Where does the end of the world
Meet the beginning
A bottle of rum
And an expensive cigar
Talking with a man
Of letters and rhymes
Adjacent holy writ
And bread and wine
Praying to a God
Of incense and of chimes
How is the map laid out
Betwixt fairy and the earth
And the conversations
That lay us all bare
I will not swim the Tiber
It is not mine to swim
I have my confession and
It is sufficient
But we battle not men
Of earth and flesh
But those of Our Church
Those men of the dirt
They that do believe
But do not believe
That second of greatest
Demands
And they devise
Dementia among us
Derision and dysphoria
And we hide from them
Noah rode us through
The floods of disbelief
Into the promised land
The covenantal relief
How does this coffee
And a guy with a mandolin
Intersect
With salvation
Man does not minister to men
God does
How Long Does It Last?
I wonder.
How long does it last?
How long does the trauma go on?
How long does the rapture proceed?
How long does the euphoria persist?
How long does the angel dance with me?
How long does this fascination last in eternity?
What is the puissance of an extravagant experience?
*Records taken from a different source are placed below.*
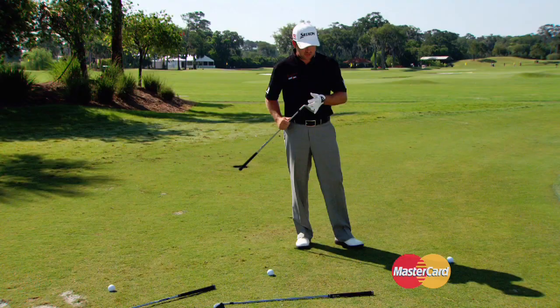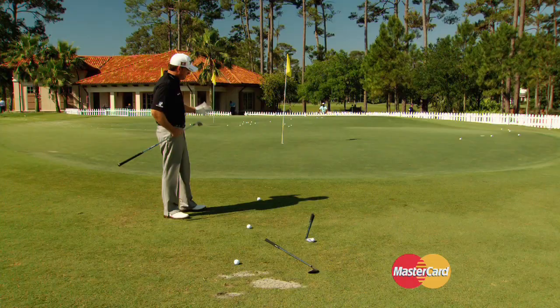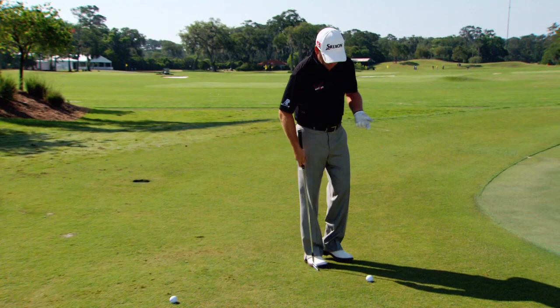MasterCard gets you inside the game with Graham McDowell. Let's talk some short game. I want to show you guys a very simple way to pitch from three very different scenarios around the green, varying distances away from the green.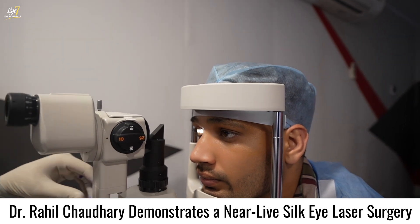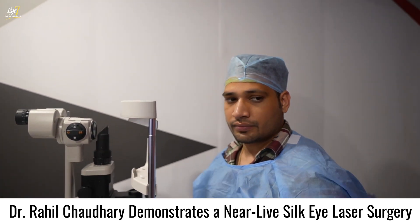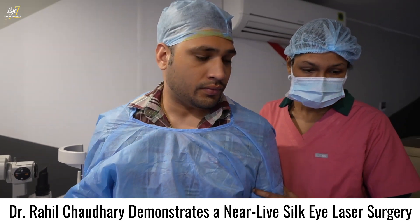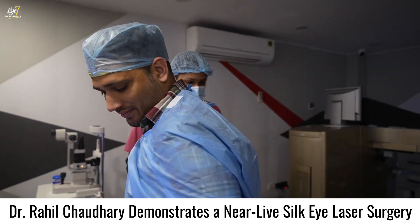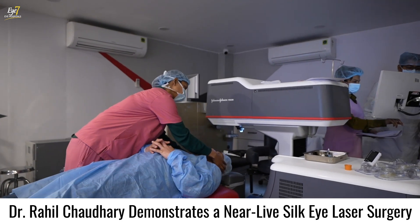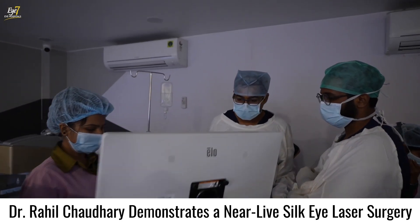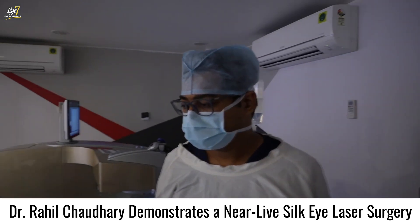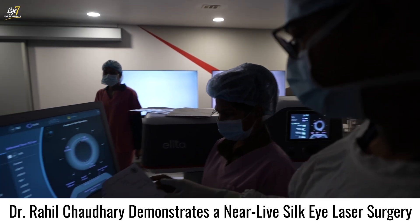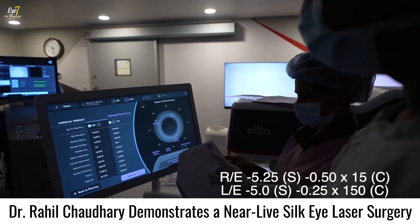After completing the marking, we shift the patient to the Irita SILK machine. This is how the machine looks — it has a small footprint and doesn't occupy too much space. I am showing you the parameters here. We are correcting about five diopters of sphere with about half a cylinder.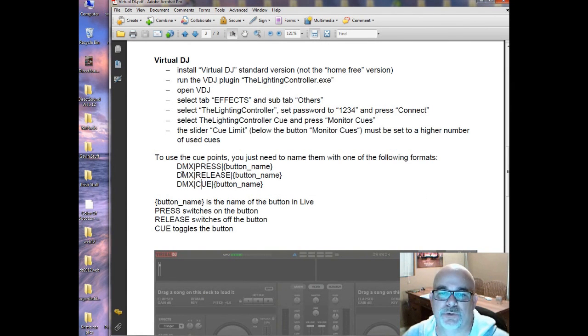If you want to start and stop a scene, 'press' switches the button on, 'release' switches the button off, and 'cue' toggles the button — turning it on or off. Since you only have three cue points to mess with it's going to be a little tricky, but hopefully you'll eventually be able to do a whole song with multiple cue points.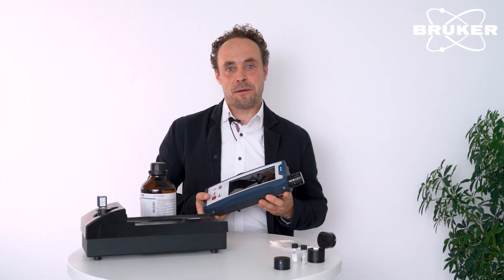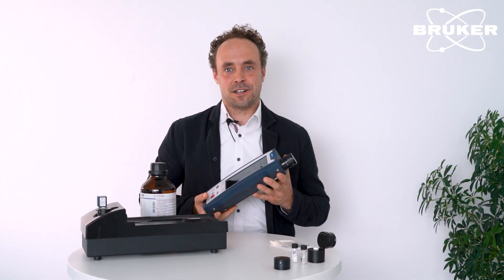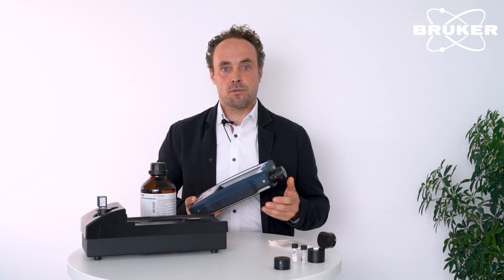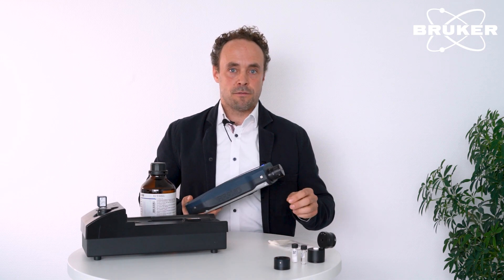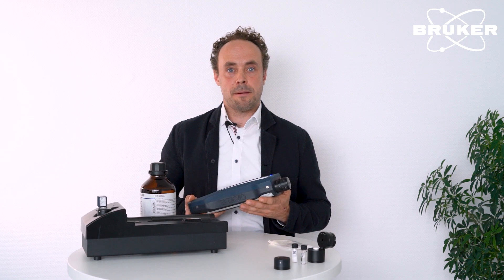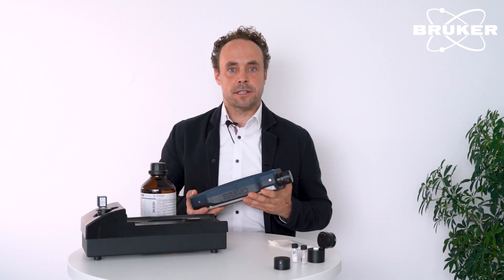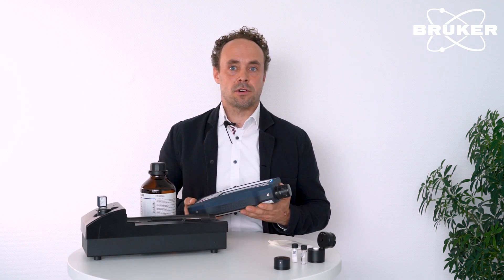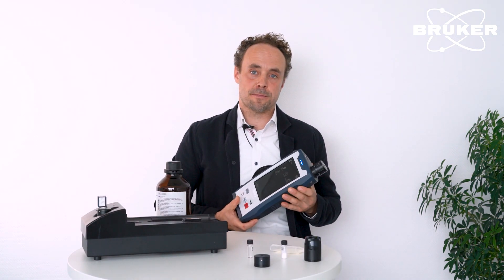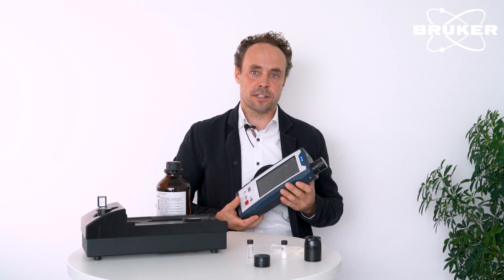You've just seen one of the major advantages of a handheld Raman spectrometer. We can perform the analysis directly through packaging material, so there is no need for extracting samples in sampling cabinets and transferring them into a laboratory. The analysis can be performed directly in the warehouse at goods receipt, prior to production.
Do we fare-well the amazement of our generations
when we depart this mortal coil?
What transcends from this place to the next?
What lasts?
The last ship?
The last spike?
The last wish?
What is beyond the pale?
Don’t get me wrong, I savor the Savior.
Don’t get me wrong, I dream of the deliverance.
But what of these sacraments
Of the earth?
And I refer to a lost one of ours,
His cigars and bourbon.
He wasn’t entirely wrong. These things are here.
A note, a scent, a permanence that
Transcends.
Like the incense on the chain,
Swinging the sacred into my space.
Ours is that,
He transcends.
So has he placed among us the
transcendent?
I suspect there’s something
in that last spike, last ship, last moment.
Something that lasts, that becomes longer than this.
I wonder.
If when the ship lifts, are all bills paid?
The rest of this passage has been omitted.